Kiran no longer slept.
Not in the way mortals did.
When he closed his eyes, the darkness did not welcome him—it examined him. Judged him. Sometimes it whispered his name in a hundred variations. Sometimes it peeled back his memories, dissecting them with surgical cruelty. But most nights, it simply watched.
Tonight, something changed.
He woke not with a scream, but with a soundless gasp, drenched in sweat. The inn's room around him was quiet. Too quiet. No wind. No wood creaking. No Beast howls in the distance.
He turned.
And saw the shadow standing at the edge of the room.
Not moving.
Not breathing.
A shape darker than the darkness around it.
He blinked—and it was gone.
But the air remained heavy. Unnatural.
Something had looked at him while he slept. Something ancient and unfinished.
The mark on his chest burned.
Not like a wound.
Like a memory trying to surface.
He tore off his shirt and looked at it in the mirror: the glyph pulsed faintly, black veins spiderwebbing from its edges, twitching beneath the skin like larvae. He touched it—and for a second, the mirror refused to reflect him.
The glass rippled like water.
He stepped back.
The mirror did not.
Shadows had changed.
Everywhere he walked, they lingered a moment too long. Refused to align properly with their sources. He saw figures out of the corner of his eye—mimicking him, but not perfectly.
At one point, he passed an abandoned window and saw his reflection reach up and claw at the inside of the glass, silent and frantic, before being yanked into blackness.
This world no longer recognized him.
Or it had started to see what he really was.
The people in Veridian grew more afraid.
Some fled when he approached.

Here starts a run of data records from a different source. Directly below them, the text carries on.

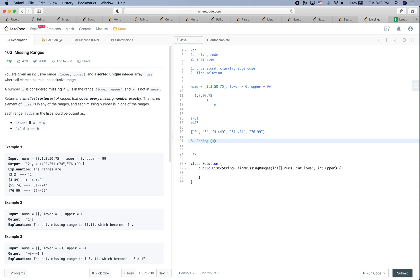For coding, don't be too slow, and of course care about the correctness and readability of the code as well.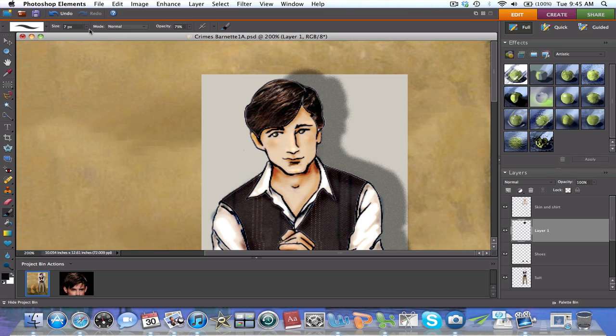Please notice that if a color is not being painted, that probably means that you're working on the wrong layer. In this case, the right side brown is on the upper layer.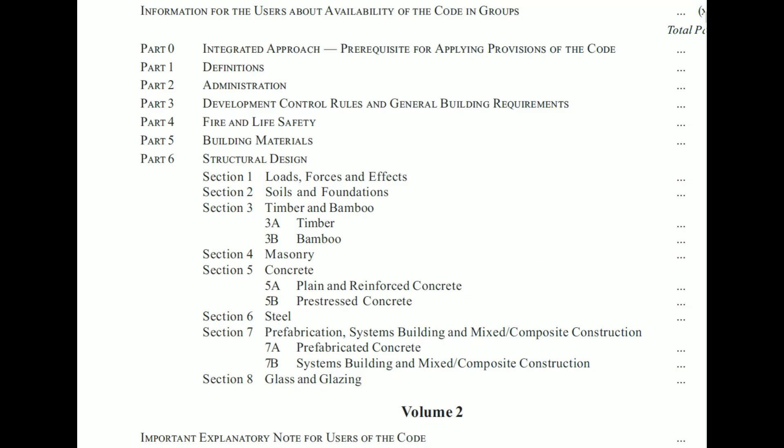So friends, let's end the video here. It's a very vast topic, and under structural design alone we have eight sections. If you want any particular section explained in detail, please let me know in the comment box. I hope you all liked this video — please do comment, share it with your friends, hit the like button, and don't forget to subscribe to this channel for more videos. Thank you for watching.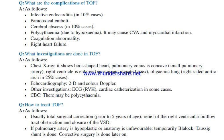What investigations are done in tetralogy of Fallot? Chest X-ray shows: boot-shaped heart, pulmonary conus concave, small pulmonary artery, enlarged right ventricle, prominent elevated apex, oligemic lung fields, and right-sided aortic arch in 25% of cases. Echocardiography: 2D and color Doppler. Other investigations: ECG shows right ventricular hypertrophy. Cardiac catheterization in some cases. CBC may show polycythemia.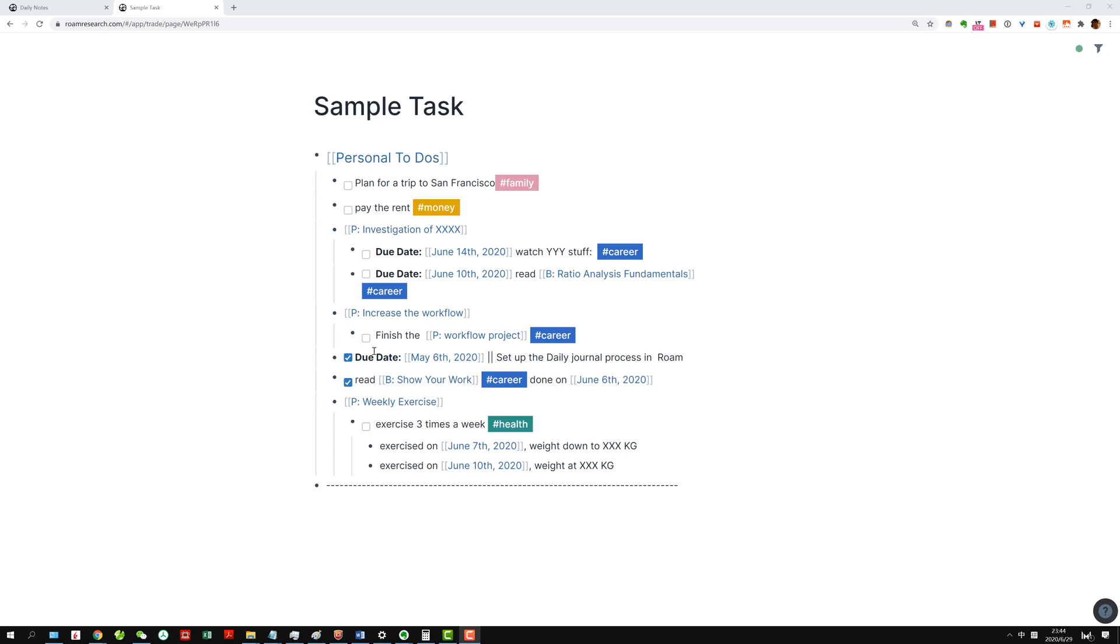For instance, here I can see I'm mostly working on tasks related to career, but maybe I'm a bit lacking on money-related tasks, so maybe I should be putting more money-related tasks. With color tagging, it gives you that visual cue that's better than just bland text.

Others made signs with their hands, old wards meant to repel cursed Beasts. Even the innkeeper—who had once shown him gruff indifference—now looked at him with pity and kept a silver blade beneath the bar.
Only Leon remained unchanged. He did not look at Kiran with fear.
He looked at him like a puzzle.
"You're becoming something," Leon said one night. "Not human. Not Beast. Not part of the thread."
Kiran said nothing.
"I should kill you," Leon said. "But I want to see what you become first."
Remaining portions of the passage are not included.